Advice on Building Your Own Dataset

Over the past month or so, I’ve been collecting various bits of data for a personal project that will be initially used as a term paper and later (possibly) for my dissertation research.  I thought this would be a great opportunity to blog about my experience compiling a “medium N” dataset (N= 364 at the moment and can’t grow much larger).

#1: Don’t Do It

If you can avoid creating your own dataset and can piggyback off of the thousands of fairly reliable, publically available data – don’t attempt this at home, kids.  Parsing bits of data that are scattered across multiple sources in various formats into one spreadsheet is incredibly time consuming, stressful, annoying, and tedious.

#2: Plan Ahead

If you must create a dataset from scratch or at least nearly from scratch using some of the work someone else has already done, be prepared for the time commitment.  Coding takes longer than you might think.  If your paper is just for a class and you don’t intend to push it forward for conferences, publication, or a dissertation chapter, refer to #1 and find something feasible that has already been compiled.  If you are ready for the long haul, make sure you prepared for it.  Which brings us to #3 –

#3: Be prepared to recode…and recode…and recode

First of all, your sources for data will not be user friendly.

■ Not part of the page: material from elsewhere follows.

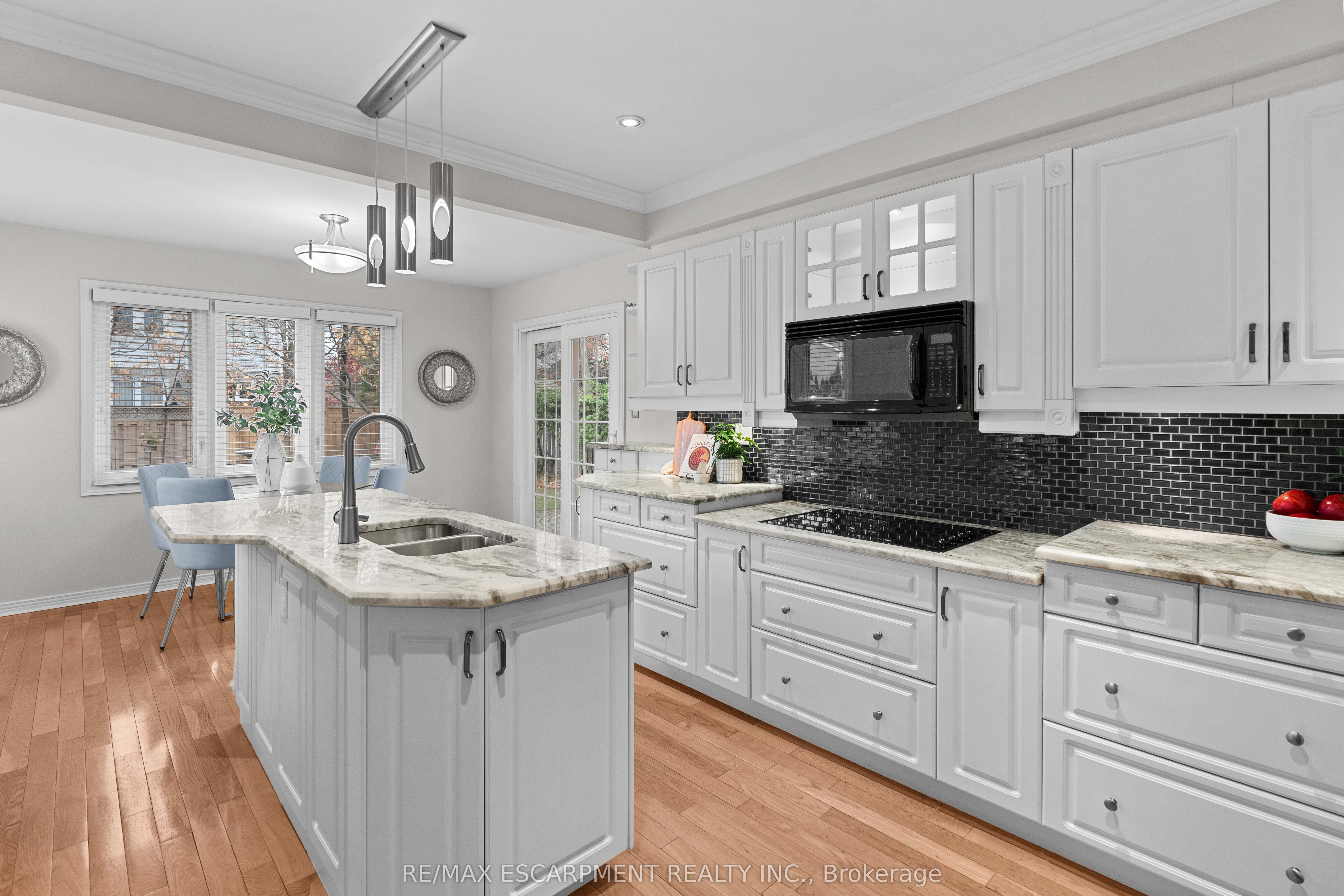 Photo 47 of 2068 Pipers Court, Burlington, Rose — HOMEH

They are all going to give you observations in various forms – html, Excel, SPSS, STATA, etc.  Sometimes they’ll use commas to separate the thousands (which STATA hates, btw).  Other times, they’ll be massive gaps in the data and you’ll have to comb the inter-universe for alternative sources to fill in those gaps.  While your combing to fill in those gaps, you’ll probably find data on new variables you want to test, and also on observations that were missing from other unrelated variables – which ultimately leads to more coding and recoding.

#4: Stay organized

Keep your data files organized.  This means labeling your variables in a pragmatic fashion, mostly so you don’t forget what they are but also so that eventual replicators [aka freeloaders like those who do #1] can use the data easily.  Make sure you keep track of ALL and ANY sources.  Where did I get that birthrate variable again?  This is a bad position to be in when it comes time to write the codebook/ appendix for the paper.   It also means making sure that all your files are organized on your Mac (or PC? Who uses those?).  This is a major pitfall of mine. I save stuff to the desktop, to random folders, to drop box. Everywhere. It’s insane.

#5: BACK UP!!!!!

There is nothing worse than pouring a month of your life into coding data only to have your favorite spreadsheet software or computer itself freak out on you and lose everything (or at least what you coded for the last 15 minutes).  So make sure you back up any and everywhere and all the time. I’m talking about an external drive, a dropbox folder, a flash/thumb/pin (whatever you like to call it) drive, email, servers – print it out if you have to!

#6: Use your network

Don’t get discouraged when World Bank doesn’t have that perfect proxy you were looking for or when Afrobarometer didn’t ask the specific question you need for a given round.  Use your resources – especially your professional and personal networks (this means you need to hone these first).  There’s not always going to be a perfect proxy (see #7), but there might be someone in your network that has access to it if it does exist or at least has suggestions for alternatives.  Don’t be afraid to call in the Calvary.  Besides, they might end up using your data for their own project later.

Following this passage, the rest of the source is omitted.